Technological innovation has the potential to transform financial services and products. With respect to payments, we welcome developments that could bring faster, cheaper, more convenient and reliable cross-border payments. While domestic payment systems in many countries have improved over the years, there remain inefficiencies, and cross-border payments in particular can still be slow, expensive and opaque, particularly for retail payments such as remittances, which can therefore hamper financial inclusion. Responsible innovations in payment services can address some of these shortcomings.
However, the report notes that stablecoins pose legal, regulatory and oversight challenges and risks related to: legal certainty; sound governance; money laundering, terrorist financing and other forms of illicit finance; safety, efficiency and integrity of payment systems; operational and cyber resilience; market integrity; data privacy, protection, and portability; consumer and investor protection; and tax compliance. Some of these risks are amplified and new risks might arise if adoption is global in nature when it comes to monetary policy, financial stability, and fair competition.

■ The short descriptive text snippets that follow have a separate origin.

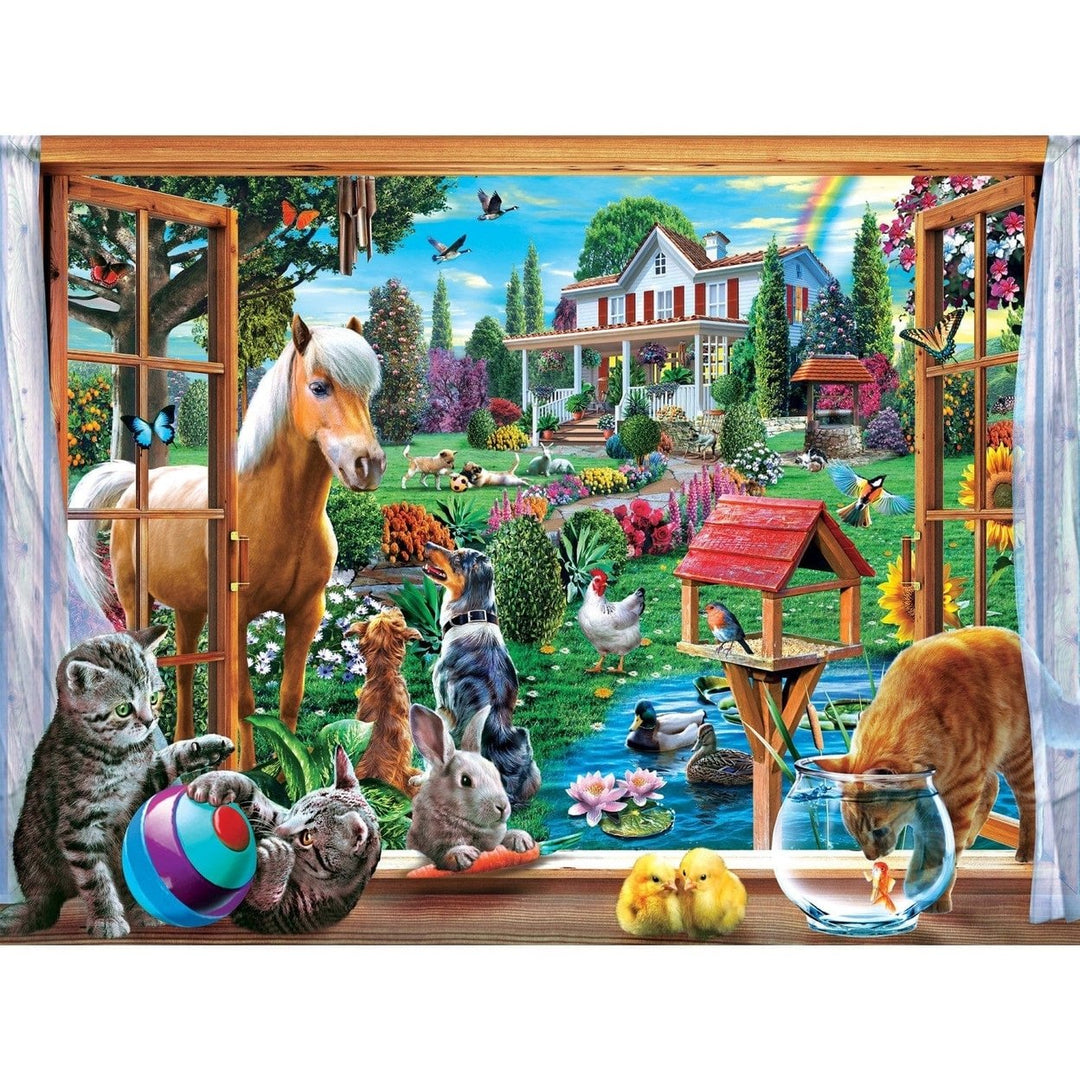 Family Time Peeking Through 400 Piece Jigsaw Puzzle Family Fun Puzzle Night Image 2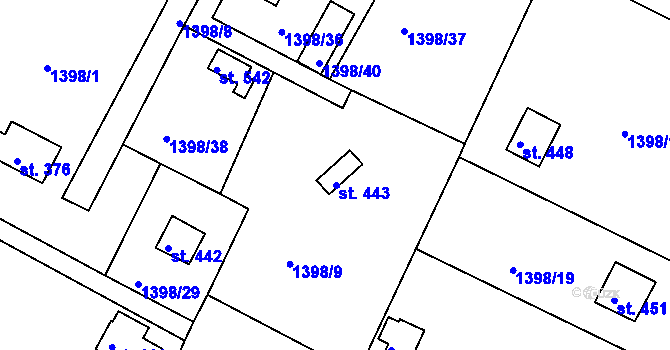 Parcela st. 443 v KÚ Jevišovice, Katastrální mapa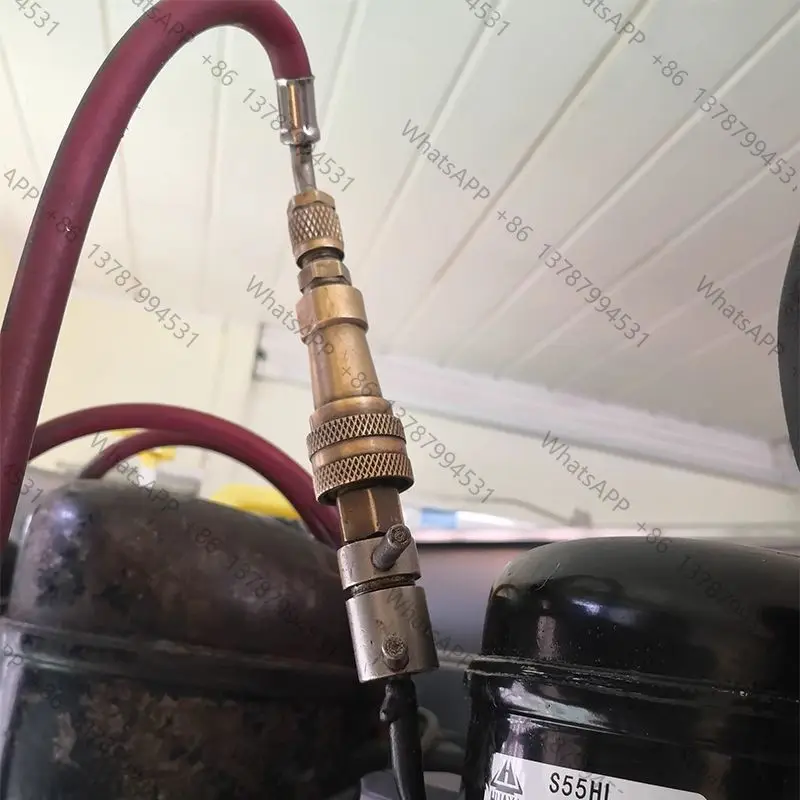 Fluorine filling quick connector of refrigerator freezer Fluorine filling quick connector liquid With pressure gauge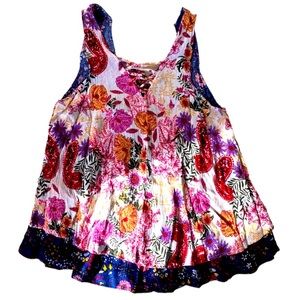Love Fire Baby Doll Double Layered Floral Print Top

They could also have implications for the international monetary system more generally, including currency substitution, and could therefore pose challenges to monetary sovereignty.
We agree that no global stablecoin project should begin operation until the legal, regulatory and oversight challenges and risks are adequately addressed, through appropriate designs and by adhering to regulation that is clear and proportionate to the risks. Beyond regulation, the preservation of public prerogatives or core elements of monetary sovereignty will have to be taken into account.
We welcome G20 cooperation. In addition, on-going work at relevant standard setting bodies, especially the Financial Stability Board (FSB) and the Financial Action Task Force (FATF), will help sharpen our understanding of the existing and emerging risks from global stablecoins. We stress the importance to coordinate across jurisdictions globally including with emerging and developing economies. The G7 will lead by example to swiftly and effectively implement the FATF standards relating to new technologies, including as it relates to emerging stablecoins.
We call on governments, central banks, the Bank for International Settlements and standard setting bodies such as the Committee on Payments and Market Infrastructures (CPMI), along with relevant international organizations and in cooperation with private payments and technology providers, to continue to support efforts to improve cross border payments, promote financial inclusion, and improve coordination among authorities.
We also welcome ongoing cooperative work by central banks to assess central bank digital currencies (CBDCs).